Some people don't even own a cell phone.  Others could live without it.  Me on the other hand, I'm obsessed with my phone.  I am a compulsive texter and constantly have my phone on me.  I'm not exaggerating when I say that either, sometimes I take it to the bathroom with me.  Sad, I know. So today I decided to turn it off- all day.  In fact, it's still off.  And I must say, I'm not enjoying it.  

When I woke up this morning I immediately turned my cell off.  It felt weird but I tried to reassure  myself that maybe this would take a little stress out of my day.  I did tell my mom and A' that my phone would be off so they wouldn't worry if they tried calling, but aside from them nobody else knew.  

On the way to work I was bored and instead of calling someone I was forced to listen to lame morning radio programs.  It made for a boring ride but I was still trying to be open minded.  When I got to work I already had a missed call from A' on my work phone.  I thought for a second that something was wrong.  Why would he call my work phone before I even got to work?  I wanted to turn on my cell to see if he had left me a voicemail or sent me a text but I resisted.  I called him back and everything was fine, he just wanted to chat.

Once work started things were going better than expected.  I really felt like not having that distraction there or even the temptation to take a break and text someone made me more productive and even a little less stressed out than when my phone is on.  I did, however,  find myself going through some of the usual mannerisms I would if my phone were on.  When I came back from meetings I reached for my phone to see if anyone had called or texted.  There were countless times today that I reached for my phone wondering what time it was.  I never really realized how much I relied on my phone as a watch (which I guess would explain why I never wear a watch)  

Several times throughout the day I thought of things that I needed... ok, probably more like wanted to tell people.  Usually I would just send someone a quick text but not today.  When I did talk to A' on the phone I had to try and remember all the little things I was going to tell him, half of which I forgot.  I needed to ask my sister-in-law something and realized I didn't know her number!  It got me thinking... who's numbers DO I know?!  When I stopped to think about it, it was pretty sad how few phone numbers I have memorized or even written down somewhere.  I realized that I really only have a few numbers memorized.  My mom, A', my best friend and one other friend, only 1 of my brother's (sorry Chaz- I don't know your number!) and that pretty much sums it up.  It was pretty sad.  I think after that realization I'm going to write down all of the numbers in my phone just in case.  

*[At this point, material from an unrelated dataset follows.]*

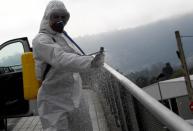 A member of the Military Emergency Unit (UME) sprays disinfectant to prevent the spread of the coronavirus disease (COVID-19) at Cabuenes Hospital during a 15-day state of emergency in Gijon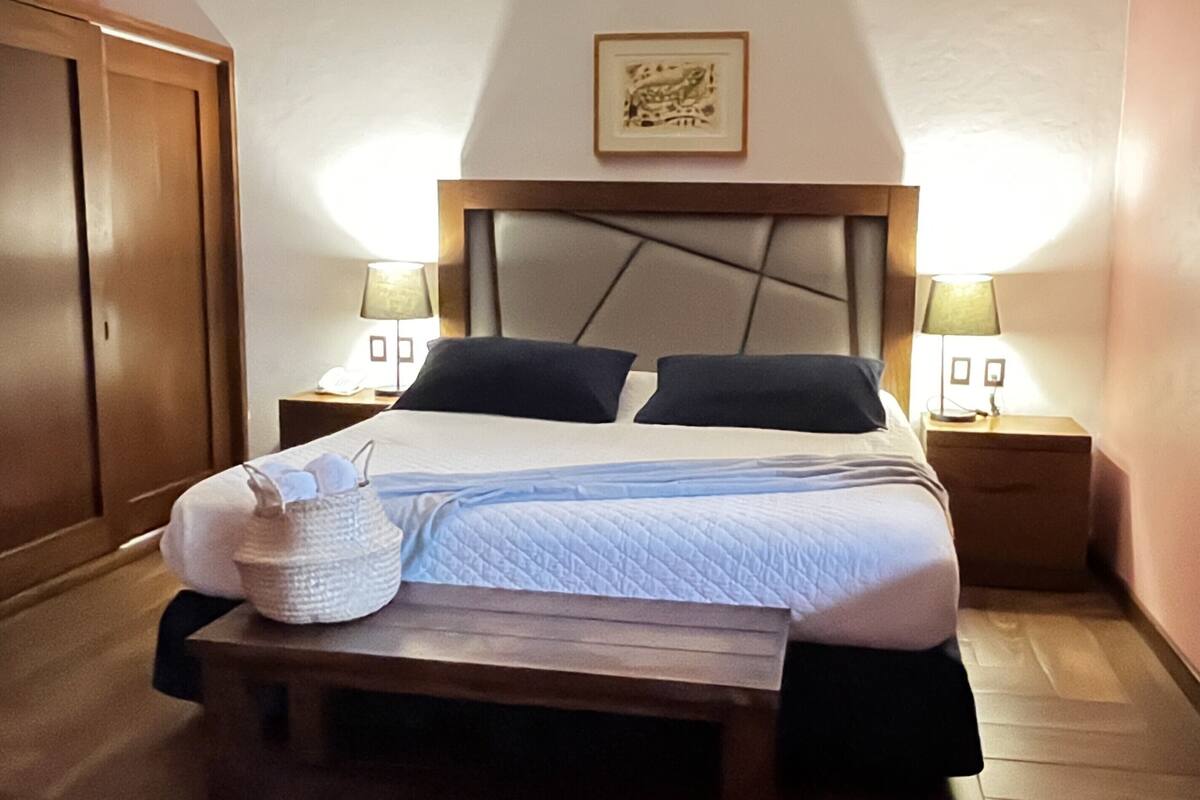 Ein ordentlich bezogenes Bett mit Kissen, ein Nachttisch mit Lampe und ein gerahmtes Bild an der Wand.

So, I made it through the work day.  I wasn't happy, but by this point I had kind of gotten used to it.  The drive home was awful because I was stuck in rush hour traffic with no phone.  When I got home I used the landline phone (which I pretty much forgot we even had) to make a call.  As the night wore on I kind of forgot about my phone and was busy doing other things, but it was still weird not to have it in my hand everywhere I went.

Overall it was a very odd day.  I felt out of sorts, like I forgot to put on pants or something.  I think it's pretty sad to rely on my cell phone that much, but that's just how I am.  It really wasn't as hard as I thought it would be, but it definitely wasn't easy.  I can't wait for tomorrow morning to turn it on again... I'm sure I'll only have like 1 missed call, zero texts :P

Tomorrow I'm trying a new product from one of those crazy infomercials that I've always wanted to try. Hopefully it turns out as cool as it is on TV and not a sham... guess we'll have to see!  Goodnight.